→ Task details
Every line of the records below from the line with "Piazza Duomo Casa" up to and including the line with "Photo #9: 908 Spring Valley Drive" must be reproduced exactly, and no line outside that range.

----------------

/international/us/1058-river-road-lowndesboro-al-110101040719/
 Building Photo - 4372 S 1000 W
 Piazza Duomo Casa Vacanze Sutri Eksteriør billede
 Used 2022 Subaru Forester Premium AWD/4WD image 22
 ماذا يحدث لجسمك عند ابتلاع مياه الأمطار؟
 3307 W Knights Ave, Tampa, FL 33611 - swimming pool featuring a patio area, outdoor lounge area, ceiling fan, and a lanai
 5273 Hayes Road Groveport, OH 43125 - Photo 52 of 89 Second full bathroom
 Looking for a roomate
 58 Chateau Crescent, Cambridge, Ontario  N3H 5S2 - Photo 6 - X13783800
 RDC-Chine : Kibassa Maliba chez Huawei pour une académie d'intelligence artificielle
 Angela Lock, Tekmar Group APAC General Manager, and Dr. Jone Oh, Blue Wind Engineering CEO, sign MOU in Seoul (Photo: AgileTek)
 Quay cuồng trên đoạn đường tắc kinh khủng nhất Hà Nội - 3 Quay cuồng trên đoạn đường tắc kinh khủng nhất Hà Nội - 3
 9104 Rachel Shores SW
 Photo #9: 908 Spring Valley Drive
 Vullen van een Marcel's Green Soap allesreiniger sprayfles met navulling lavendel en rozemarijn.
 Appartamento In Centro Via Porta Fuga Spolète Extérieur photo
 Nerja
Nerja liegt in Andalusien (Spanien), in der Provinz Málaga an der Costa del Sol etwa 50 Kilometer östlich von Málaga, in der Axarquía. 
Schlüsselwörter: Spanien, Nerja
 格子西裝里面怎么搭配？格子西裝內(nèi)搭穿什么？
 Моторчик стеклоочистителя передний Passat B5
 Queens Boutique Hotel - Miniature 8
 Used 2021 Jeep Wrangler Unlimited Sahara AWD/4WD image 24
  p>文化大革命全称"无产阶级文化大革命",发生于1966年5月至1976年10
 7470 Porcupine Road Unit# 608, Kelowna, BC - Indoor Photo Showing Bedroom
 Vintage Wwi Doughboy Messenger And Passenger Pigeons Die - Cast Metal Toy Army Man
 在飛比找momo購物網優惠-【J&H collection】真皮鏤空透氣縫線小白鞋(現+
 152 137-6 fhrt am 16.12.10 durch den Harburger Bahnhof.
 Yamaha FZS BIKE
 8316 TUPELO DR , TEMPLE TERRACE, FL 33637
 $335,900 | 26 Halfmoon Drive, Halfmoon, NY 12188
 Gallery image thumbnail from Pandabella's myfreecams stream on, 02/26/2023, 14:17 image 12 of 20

----------------

→ Exercise solution
 Piazza Duomo Casa Vacanze Sutri Eksteriør billede
 Used 2022 Subaru Forester Premium AWD/4WD image 22
 ماذا يحدث لجسمك عند ابتلاع مياه الأمطار؟
 3307 W Knights Ave, Tampa, FL 33611 - swimming pool featuring a patio area, outdoor lounge area, ceiling fan, and a lanai
 5273 Hayes Road Groveport, OH 43125 - Photo 52 of 89 Second full bathroom
 Looking for a roomate
 58 Chateau Crescent, Cambridge, Ontario  N3H 5S2 - Photo 6 - X13783800
 RDC-Chine : Kibassa Maliba chez Huawei pour une académie d'intelligence artificielle
 Angela Lock, Tekmar Group APAC General Manager, and Dr. Jone Oh, Blue Wind Engineering CEO, sign MOU in Seoul (Photo: AgileTek)
 Quay cuồng trên đoạn đường tắc kinh khủng nhất Hà Nội - 3 Quay cuồng trên đoạn đường tắc kinh khủng nhất Hà Nội - 3
 9104 Rachel Shores SW
 Photo #9: 908 Spring Valley Drive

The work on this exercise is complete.